* **Work to complete**
Please restate each line of the material word for word and omit any pictures.
### Stored data ###
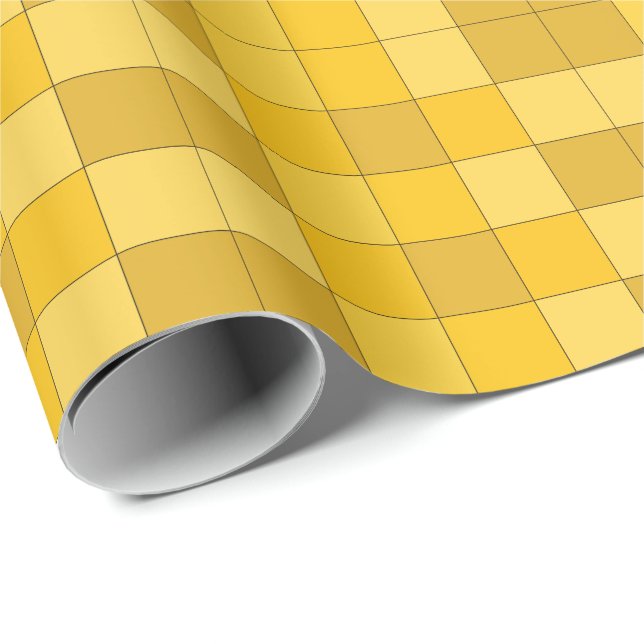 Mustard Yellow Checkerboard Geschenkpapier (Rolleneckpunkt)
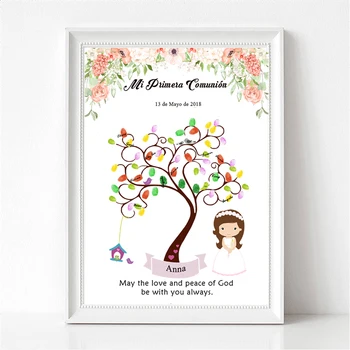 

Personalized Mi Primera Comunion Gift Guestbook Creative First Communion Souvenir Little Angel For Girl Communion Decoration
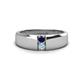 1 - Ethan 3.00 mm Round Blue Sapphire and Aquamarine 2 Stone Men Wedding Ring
###
* **Written response**
 Mustard Yellow Checkerboard Geschenkpapier (Rolleneckpunkt)

Personalized Mi Primera Comunion Gift Guestbook Creative First Communion Souvenir Little Angel For Girl Communion Decoration
 1 - Ethan 3.00 mm Round Blue Sapphire and Aquamarine 2 Stone Men Wedding Ring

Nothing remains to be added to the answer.